In this article from May, 2012 in Forbes, this is quite apparent:
There are shops who are nominally financial advisers (note that “financial adviser” is a generally meaningless term) whose primary product is low cost investment management and nothing but that. Betterment and Wealthfront both let folks fill in a risk questionnaire they come up with an asset allocation, and will invest your money according to their investment plan, including rebalancing, etc, for as little as 0.15% or 0.25%. The thing to keep in mind is that they are only doing the asset-allocation and investment part. If you need all the other services that a financial planner provides, you’re on your own.
So the back-and-forth in the article is entirely false, but seems real because they are comparing apples and oranges. A full financial planning service may charge a much higher percentage of assets under management for what may appear to be the same thing – investing your money for you and monitoring and managing that investment – but the low cost guys are really doing only that part. And that’s refreshing and honest, actually. It opens up the market for low-cost investment management to folks who don’t have the much larger amounts that a typical assets-under-management shop needs to charge to cover all the services. But that leaves those folks who go with one of these a la carte investment shops without the real value add that a financial planning or wealth management shop provides — all the services besides the investment portfolio management.
In fact, places like Wealthfront and Betterment may well be a perfect complement to the type of work that Meyers Wealth Management does. While we are happy to manage a portfolio on an ongoing basis and for a percentage of assets, most of our work and most of our clients are primarily interested in the other stuff.

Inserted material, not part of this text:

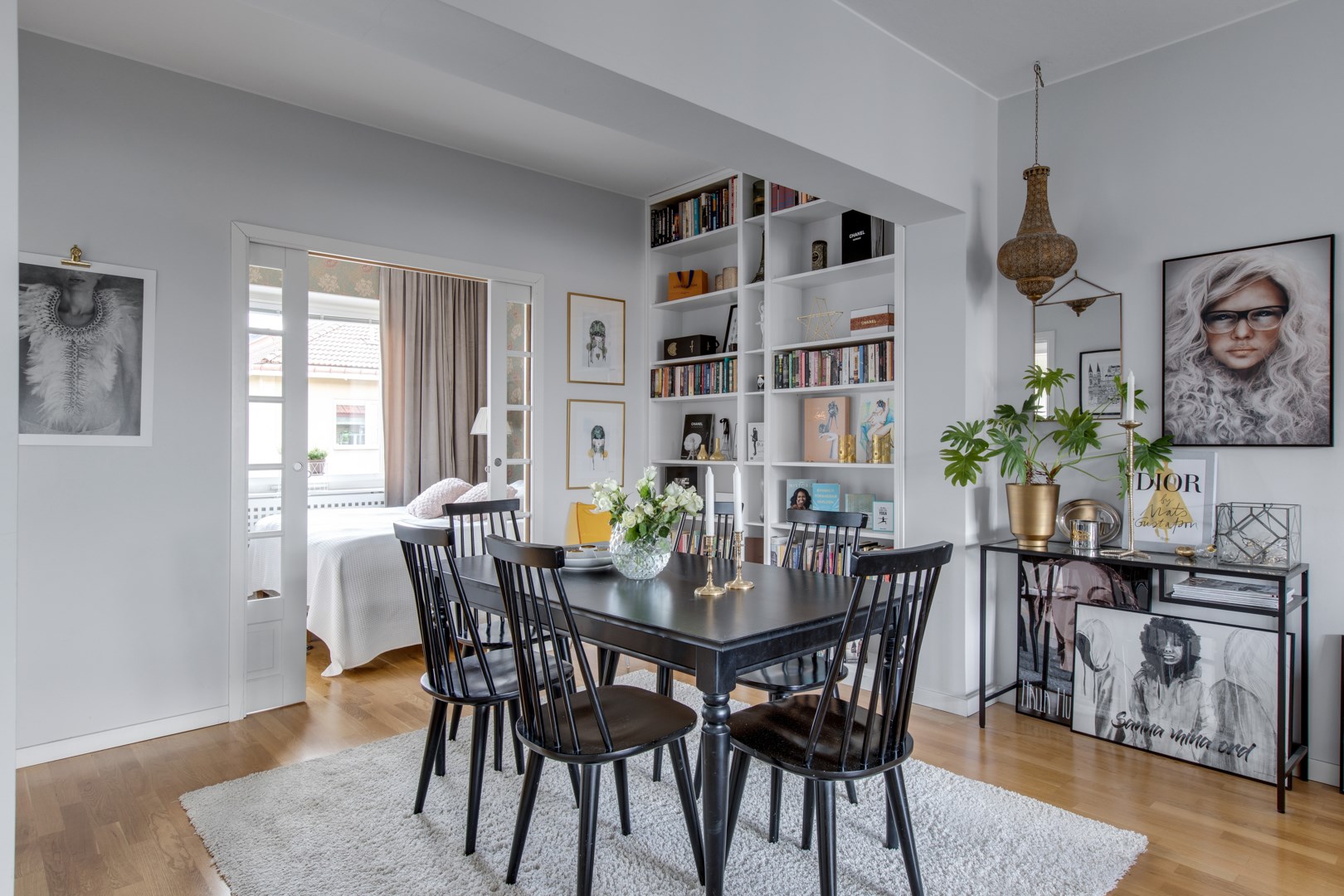 Bostadsbild från Luthagsesplanaden 15 D, Såld i Luthagen, Uppsala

We are happy to have clients manage their portfolios on their own (and provide a written plan for them with asset allocation and even specific securities recommendations) – or if they want to use a shop like Betterment or Wealthfront to manage the portfolio (at least the part that’s not in their employer’s 401k plan), that’s just fine, too.
But when it comes to the bigger picture, things like finding opportunities for self-employed folks to set up SEP-IRAs or Solo 401(k) plans, making sure you’re saving enough to eventually retire, helping you figure out how much you can afford to spend on a house, how best to save for college for your kids, how much life insurance makes sense for you – these are all the things that the no frills portfolio management shops cannot provide, and we hope they’ll acknowledge that the other shops provide those valuable services and expect to get compensated for it.
The idea of un-bundling the portfolio management from the financial planning is very attractive. It opens up the possibility of even more transparency in an industry which has a history of hiding costs and confusing clients. This is great news. Now, perhaps, they can stop wasting our time with apples-to-oranges comparisons and instead let us get on with what we’re here for – helping our clients in the best ways we can.